Some retailers are sceptical, but Apple Pay has the potential to drive popular acceptance of contactless payment in this country.

Given the fanfare that has greeted details of the launch of Apple Pay in the UK you would be forgiven for concluding this was the most significant technology development in retail this year.

With typical Apple bravado, the company’s chief executive Tim Cook announced in January that 2015 would be the “year of Apple Pay” and the column inches devoted to the development this week have done little to dispel that notion.

Certainly there is much to be excited about.


Most importantly for retailers, it is compatible with contactless sales terminals, so no hardware upgrades are required. Apple will not charge retailers fees and the Apple brand has already ensured the kind of publicity that will be required to deliver any sort of critical mass in usage among consumers.

“The ease of the technology will help reduce queues and friction in-store”

Chris-Brook Carter

Furthermore, as store chiefs obsess about customer experience, the ease of the technology will help reduce queues and friction in-store. And its ability to also work as a tool for online payments should offer the potential to increase conversion rates as this channel continues to grow exponentially.
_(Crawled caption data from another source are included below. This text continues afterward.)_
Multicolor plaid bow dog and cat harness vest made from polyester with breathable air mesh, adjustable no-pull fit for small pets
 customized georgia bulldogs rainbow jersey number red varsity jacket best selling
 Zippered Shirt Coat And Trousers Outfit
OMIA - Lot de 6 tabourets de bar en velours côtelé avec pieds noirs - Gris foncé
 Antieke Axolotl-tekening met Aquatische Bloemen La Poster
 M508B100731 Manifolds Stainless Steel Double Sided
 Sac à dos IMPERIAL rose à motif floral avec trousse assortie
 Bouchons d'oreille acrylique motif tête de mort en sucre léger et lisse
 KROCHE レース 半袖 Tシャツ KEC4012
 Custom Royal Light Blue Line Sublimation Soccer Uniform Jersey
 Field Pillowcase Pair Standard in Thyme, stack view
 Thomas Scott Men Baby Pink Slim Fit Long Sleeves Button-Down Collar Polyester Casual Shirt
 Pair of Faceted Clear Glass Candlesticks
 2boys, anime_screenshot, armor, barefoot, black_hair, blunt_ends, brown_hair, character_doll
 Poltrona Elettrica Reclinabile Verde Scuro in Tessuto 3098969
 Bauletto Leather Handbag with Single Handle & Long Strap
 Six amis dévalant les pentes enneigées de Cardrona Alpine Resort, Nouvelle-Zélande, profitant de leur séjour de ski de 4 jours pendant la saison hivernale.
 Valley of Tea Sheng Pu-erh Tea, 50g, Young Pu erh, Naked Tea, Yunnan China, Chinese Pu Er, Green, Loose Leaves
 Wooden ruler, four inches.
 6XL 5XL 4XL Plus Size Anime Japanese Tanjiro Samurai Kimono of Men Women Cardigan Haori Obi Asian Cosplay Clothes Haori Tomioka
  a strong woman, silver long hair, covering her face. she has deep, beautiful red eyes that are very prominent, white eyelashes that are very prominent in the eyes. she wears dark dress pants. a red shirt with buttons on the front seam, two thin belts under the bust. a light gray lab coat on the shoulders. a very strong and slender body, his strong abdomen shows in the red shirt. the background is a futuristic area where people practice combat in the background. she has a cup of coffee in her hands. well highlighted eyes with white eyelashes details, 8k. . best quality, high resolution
Yet for all this, there remain some notable doubts about whether Apple Pay will be quite the panacea in payments its supporters predict. It has, unarguably, garnered widespread backing in the banking and retail sectors, but that support still has some notable exceptions.

Those wary of jumping on the bandwagon point to continued concerns around security and data protection in contactless payments as well as to reports from the US that take-up of the technology has been slower than Apple predicted.

And, the £20 limit (increasing to £30 later in the year) to in-store contactless transactions remains a barrier to the practical expansion of the service for the large number of retailers with average basket sizes outside this nominal amount.

Brand power

Off the record, retail leaders will tell you that payment technologies remain relatively low down on the list as they grapple to make sense of the plethora of investment priorities that every retailer faces today. And in many there is even still confusion about where responsibility for the technology lies. Finance? IT? Ecommerce? Retail operations?

But much of the reticence to commit greater resources to exploring the potential of payment technologies to build on the customer experience, and in so doing loyalty and conversion, has stemmed from the hitherto fragmented nature of the market and ongoing scepticism about consumer take-up.

In Apple, retail finally has a brand with the power and credibility among consumers to take a sizeable enough bite of the market to create scale.

Moreover, it is a brand with an unrivalled track record for creating technologies that delight and disrupt in equal measure and break down perceptions of the status quo. This may yet be the first step to contactless moving into the mainstream.